▸ EXERCISE DESCRIPTION: Pictures are to be left out, and only the lines from the one with "Paul Washer part 2 of 8 (Deeper Conference)" through the last line of the listing below are to be repeated exactly.

(EXERCISE MATERIALS)

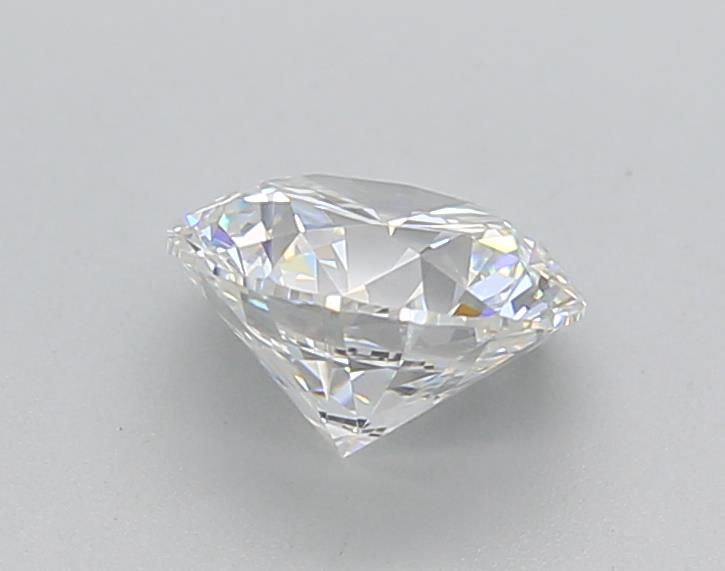 IGI CERTIFIED 1.03 CT ROUND LAB GROWN DIAMOND - VVS1 D COLOR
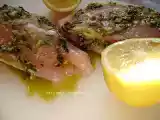 Ricetta Pollo con salsa al limone e zenzero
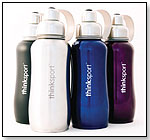 Thinkbaby Insulated Sports Bottle by THINKBABY AND THINKSPORT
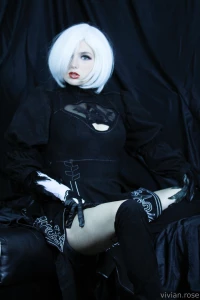 Can i be your android girlfriend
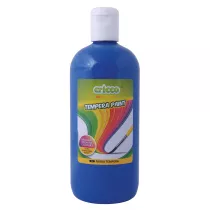 Cricco Farba tempera 500 ml niebieska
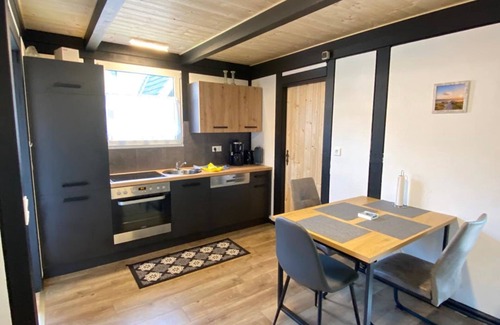 Sehestedt Casa | Vacation cottage Jaa Watt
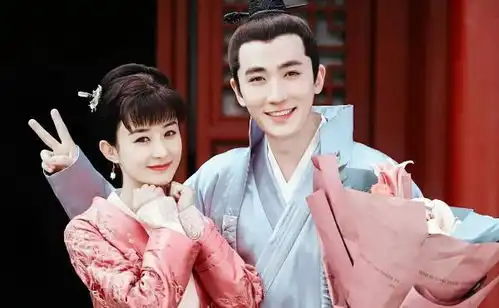 赵丽颖被曝将主演商战剧,男主角人选引网友热议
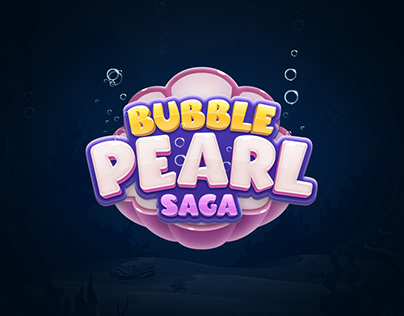 Bubble Pearl Saga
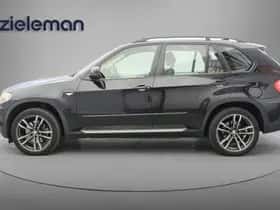 BMW X5 (2007) thumbnail 15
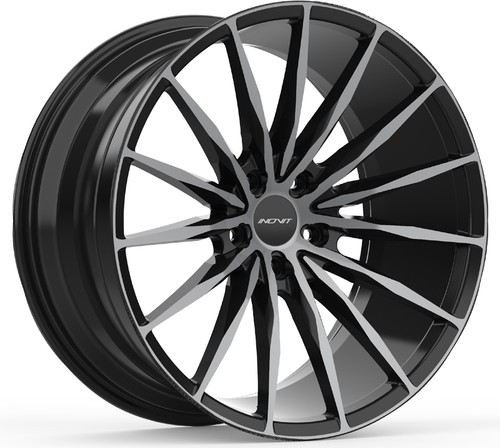 Alloy wheels inovit torque - alloy,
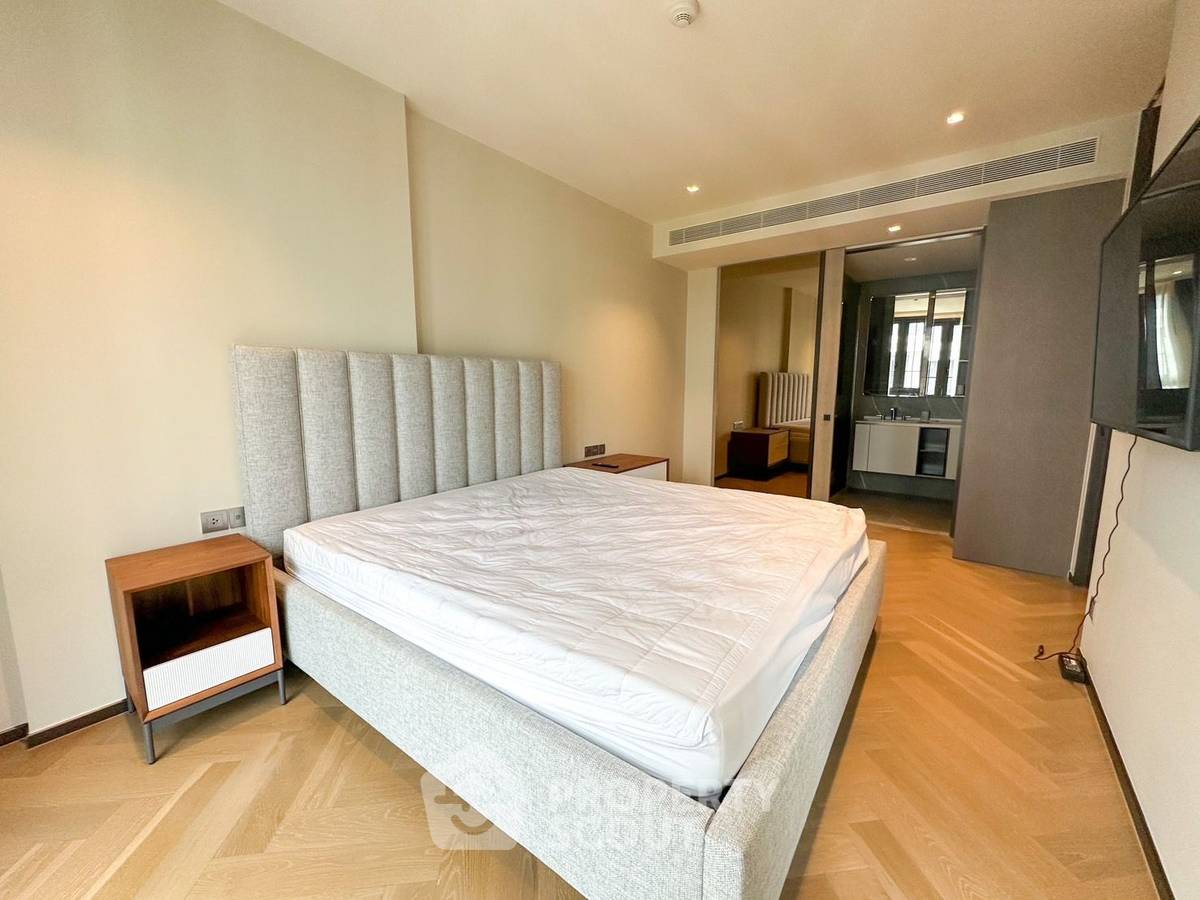 picture 2-BR Condo at The Reserve Sukhumvit 61 near BTS Thong Lor (ID 1552907) - 4/15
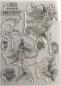 Preview: Pink Ink Designs Clear Stamp Set Sea Nymphs #025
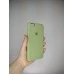 Силіконовий оригінальний чохол Apple для iPhone 6 Plus  /  6s Plus (61)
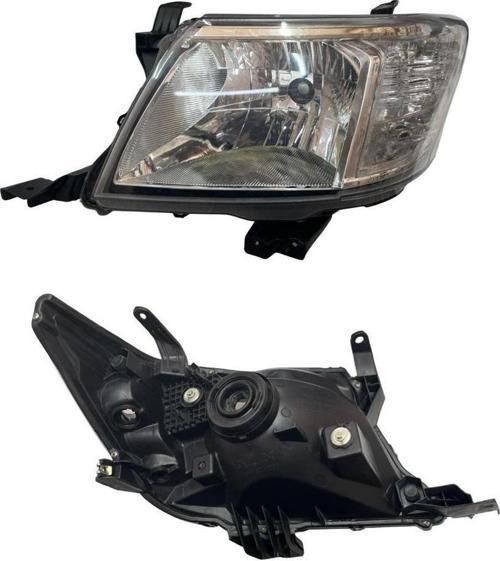 Far Sol Hilux Vigo 2011-2015 Elektrikli Manuel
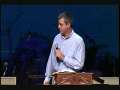 Paul Washer part 2 of 8 (Deeper Conference)
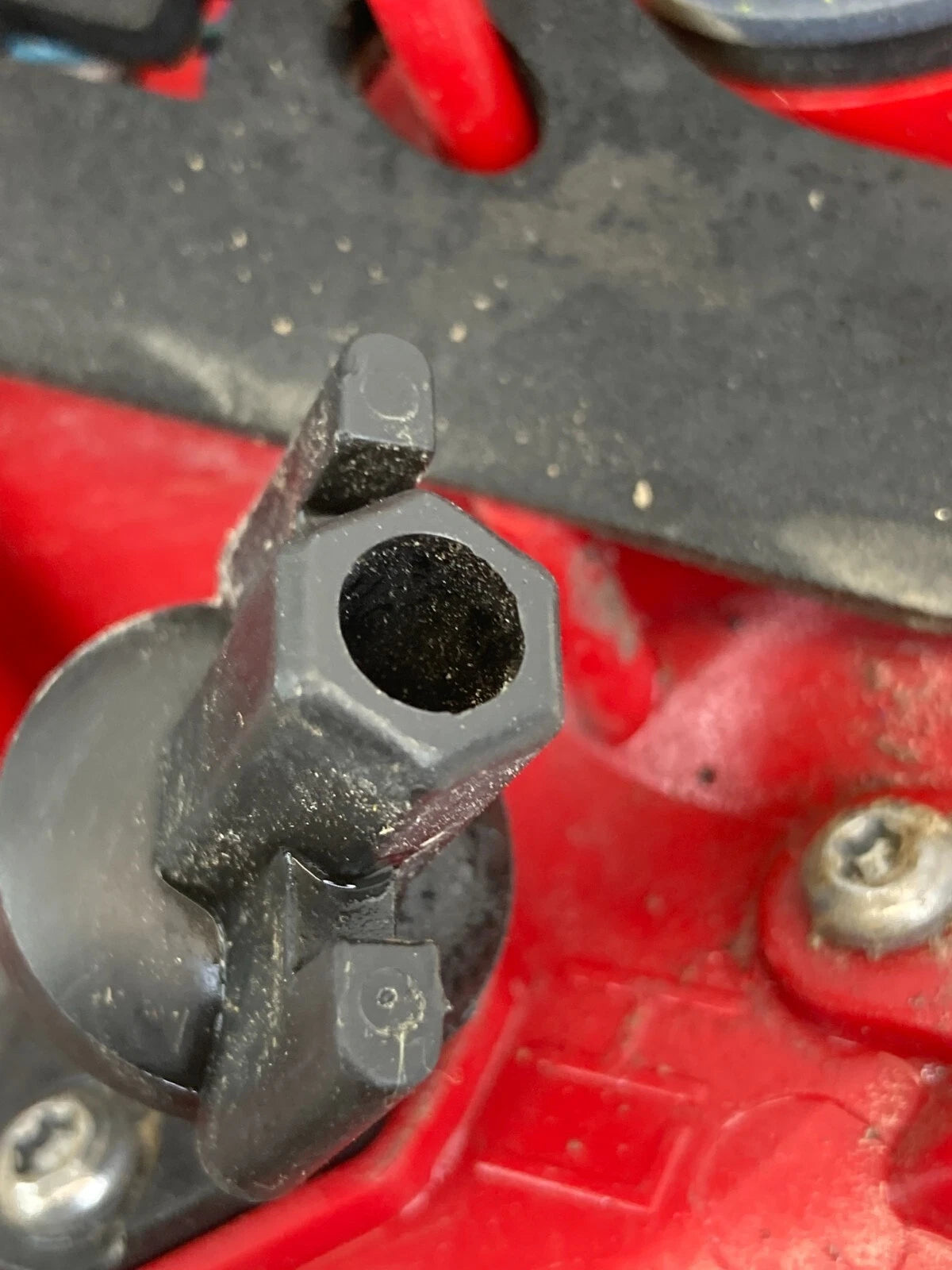 2013 14 2015 CHEVY MALIBU SEDAN REAR LEFT DRIVER OUTER TAIL LIGHT LAMP TAILLIGHT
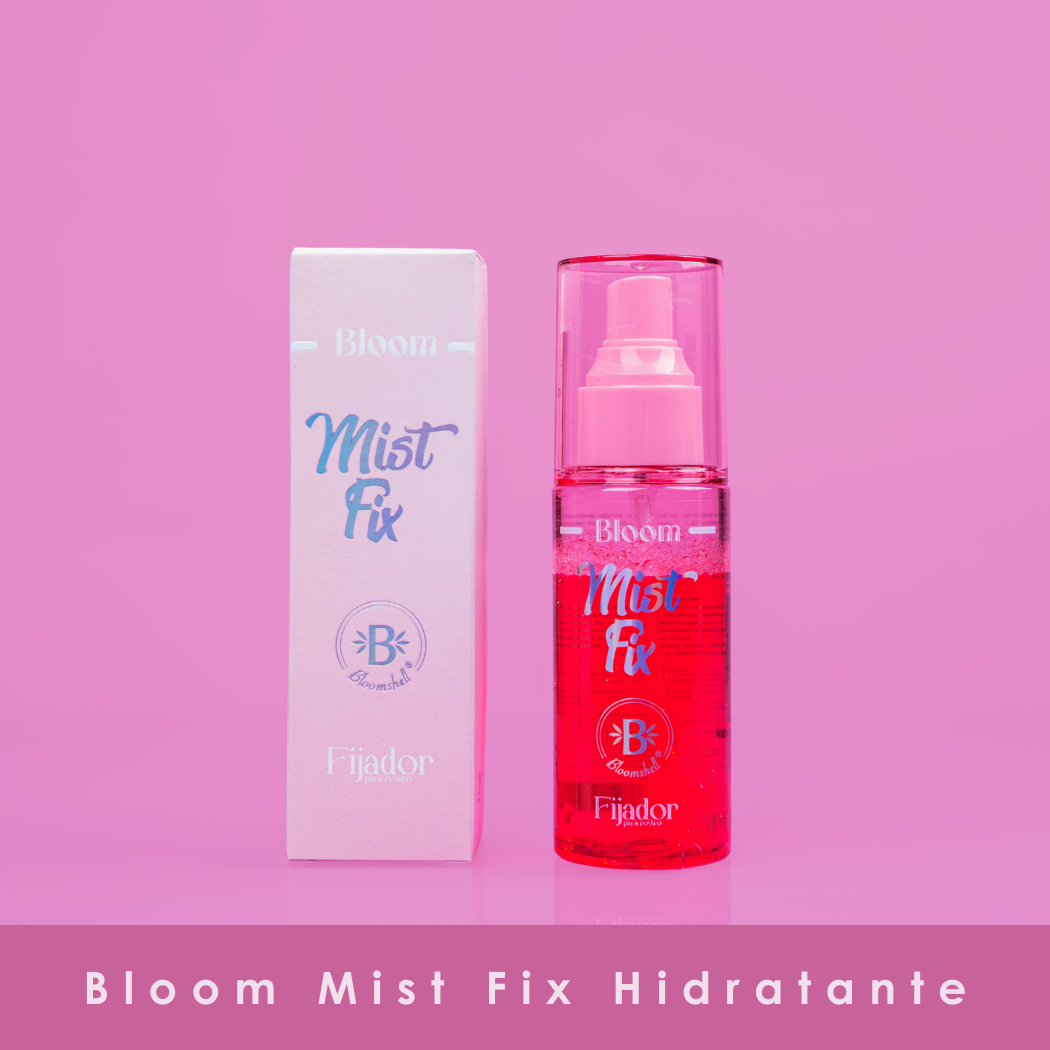 BLOOM FIX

(End EXERCISE MATERIALS)

▸ PROBLEM SOLUTION:
 Paul Washer part 2 of 8 (Deeper Conference)
 2013 14 2015 CHEVY MALIBU SEDAN REAR LEFT DRIVER OUTER TAIL LIGHT LAMP TAILLIGHT
 BLOOM FIX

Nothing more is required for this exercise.